• **Input data**:
════════════════
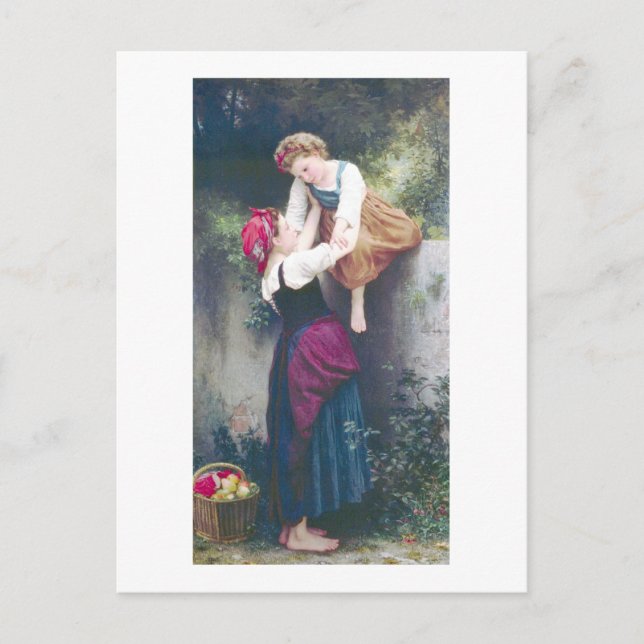 Bouguereau - Petites Maraudeuses Postkarte (Vorderseite)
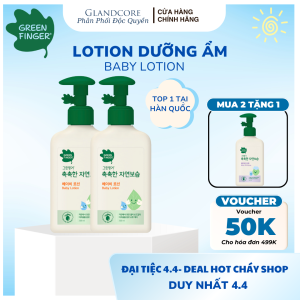 Lotion Dưỡng Ẩm Cho Bé Greenfinger ChokChok Natural 320ml An Toàn Lành Tính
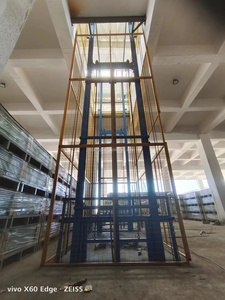 Elevador de Carga Personalizado de 500kg-5000kg de Capacidad, Hidráulico/Eléctrico, Interior/Exterior, Montado en Pared, Tipo Riel, Construcción de Acero H - Product Image 6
════════════════
• **What you are asked to do**: Transcribe the material above in full. No picture is to be copied.

• **The completed task**:
 Bouguereau - Petites Maraudeuses Postkarte (Vorderseite)
 Lotion Dưỡng Ẩm Cho Bé Greenfinger ChokChok Natural 320ml An Toàn Lành Tính
 Elevador de Carga Personalizado de 500kg-5000kg de Capacidad, Hidráulico/Eléctrico, Interior/Exterior, Montado en Pared, Tipo Riel, Construcción de Acero H - Product Image 6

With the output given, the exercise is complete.